Transparenz darf nicht davon abhängen, von welcher Fraktion ein Vorschlag kommt. Die Bürger haben ein Recht darauf zu erfahren, wer mit welchen Interessen und welchem finanziellen Aufwand Einfluss auf politische Entscheidungen und die Gesetzgebung nimmt. Andere Länder zeigen, dass deutliche Verbesserungen möglich sind. Mecklenburg-Vorpommern dagegen ist keinen Schritt vorangekommen.

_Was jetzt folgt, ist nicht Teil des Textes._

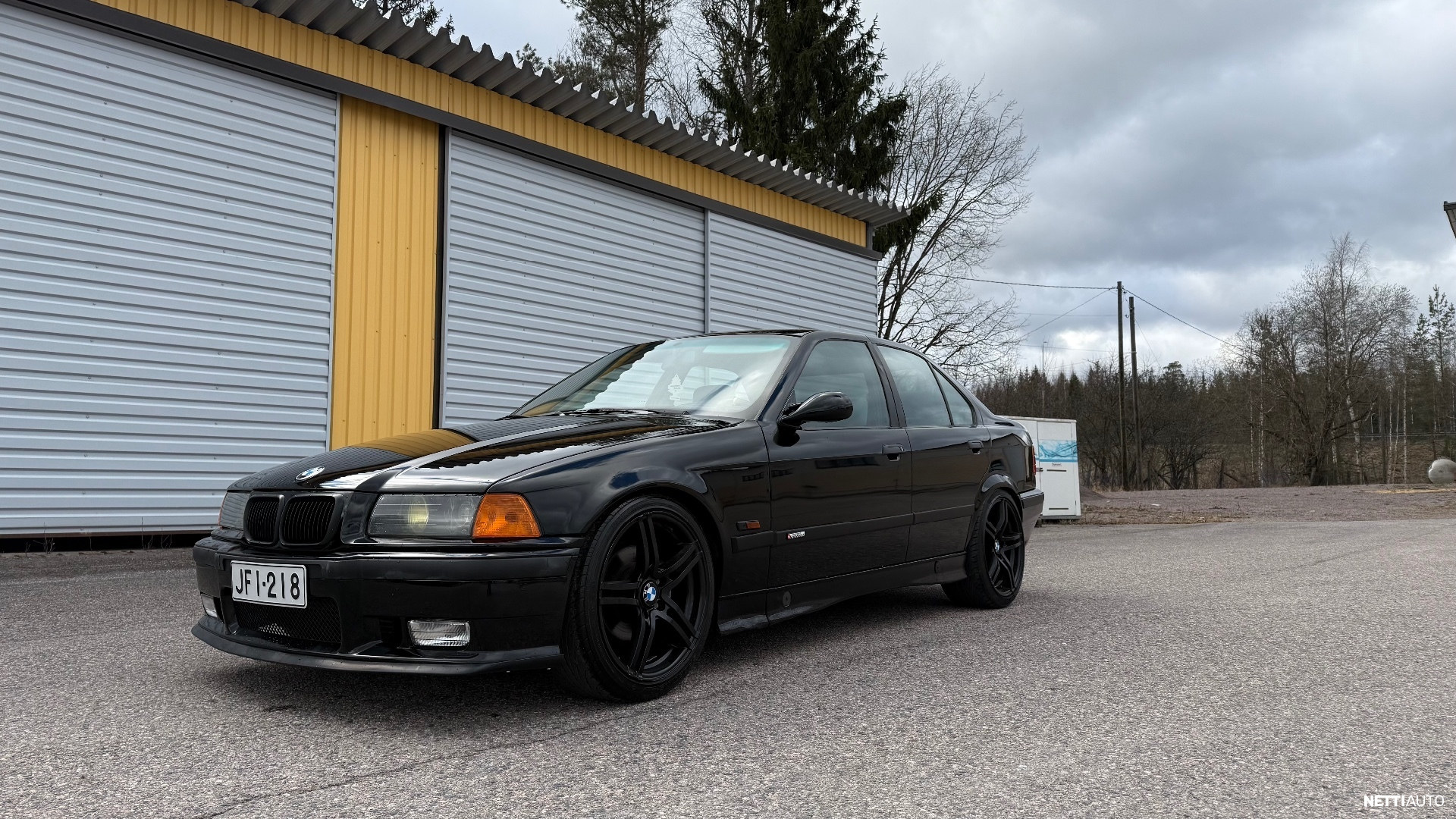 BMW 325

Die AfD-Fraktion hatte am 29. Mai 2024 einen Gesetzentwurf zur Einführung eines Lobbyregisters für Mecklenburg-Vorpommern vorgelegt (Landtagsdrucksache 8/3753). Vorgesehen waren verpflichtende und öffentlich einsehbare Lobbyregister beim Landtagspräsidium und bei der Staatskanzlei. Auftraggeber und finanzielle Aufwendungen sollten offengelegt und der Einfluss externer Interessenvertreter auf Gesetzesvorlagen durch einen legislativen und exekutiven Fußabdruck nachvollziehbar gemacht werden. Verstöße sollten mit Bußgeldern von bis zu 25.000 Euro geahndet werden können. Der Gesetzentwurf fand keine Mehrheit.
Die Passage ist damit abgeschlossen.